Available records:
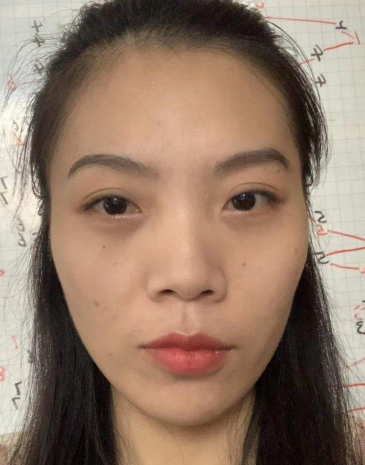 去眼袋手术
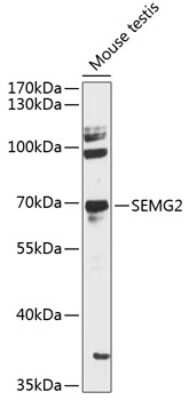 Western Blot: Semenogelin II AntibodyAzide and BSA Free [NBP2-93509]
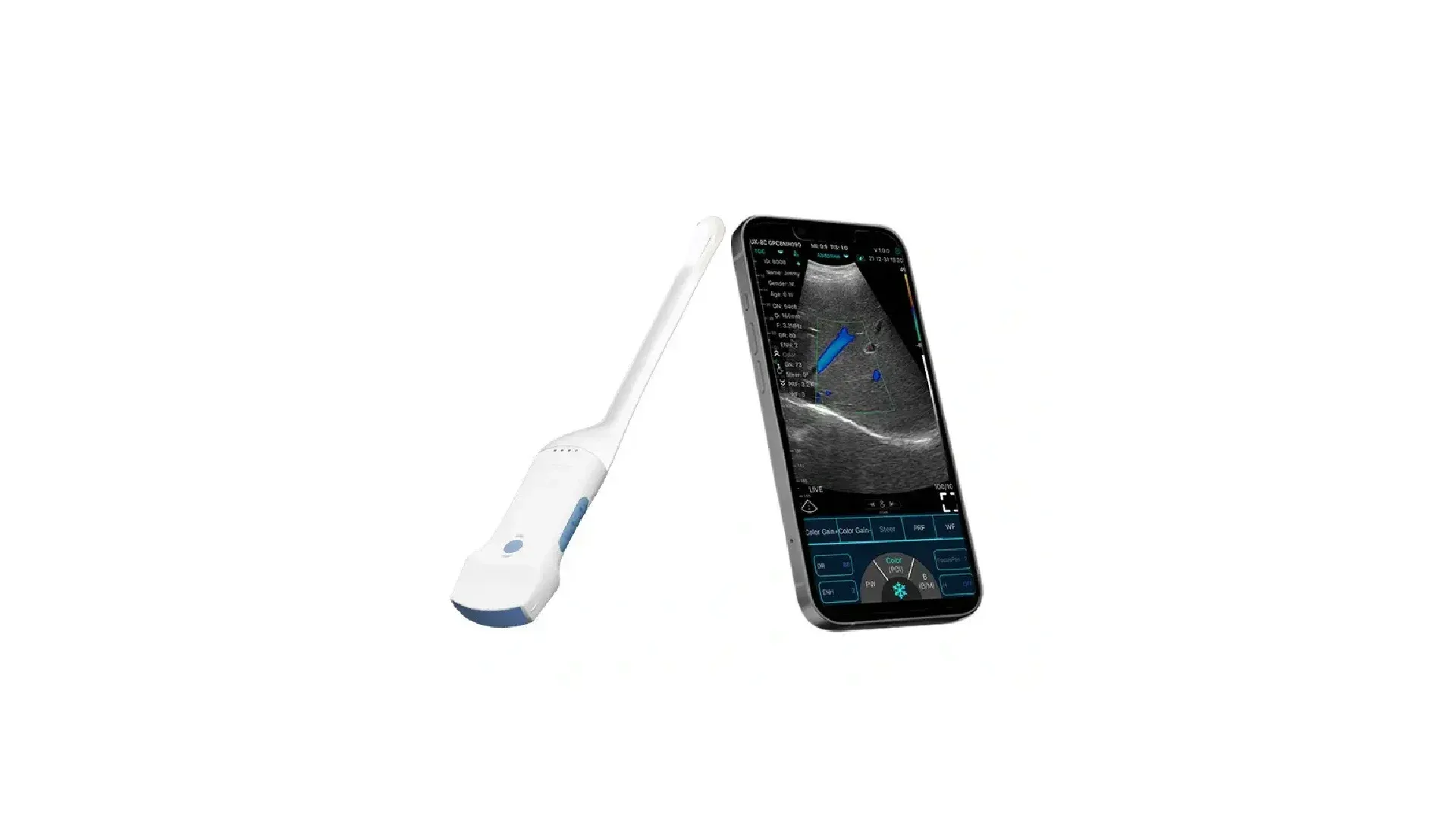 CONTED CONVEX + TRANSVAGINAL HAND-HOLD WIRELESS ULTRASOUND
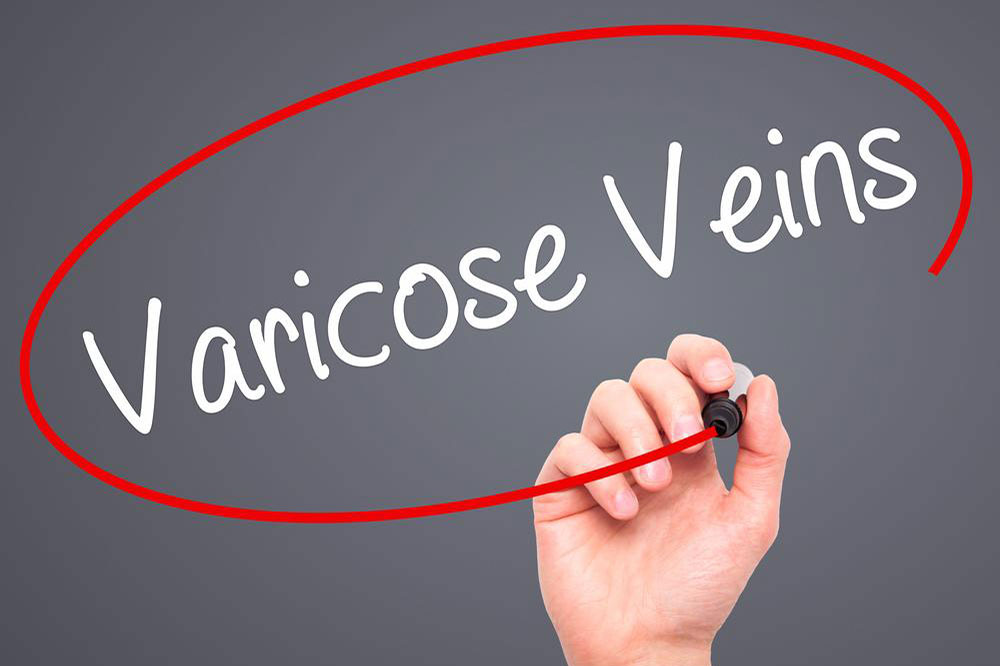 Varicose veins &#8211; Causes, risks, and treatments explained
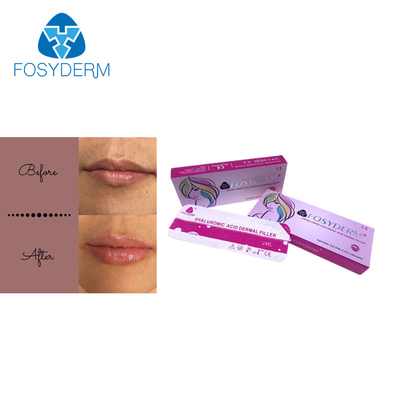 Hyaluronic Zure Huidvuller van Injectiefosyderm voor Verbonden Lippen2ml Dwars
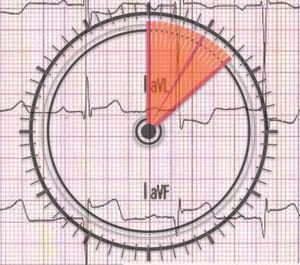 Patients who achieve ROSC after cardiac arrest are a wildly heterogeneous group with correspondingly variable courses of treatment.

What needs to be done: In the material above, retype exactly the lines that run from the one containing "Varicose veins &#8211;" through the last line, and keep out the pictures.

Solution:
 Varicose veins &#8211; Causes, risks, and treatments explained
 Hyaluronic Zure Huidvuller van Injectiefosyderm voor Verbonden Lippen2ml Dwars
 Patients who achieve ROSC after cardiac arrest are a wildly heterogeneous group with correspondingly variable courses of treatment.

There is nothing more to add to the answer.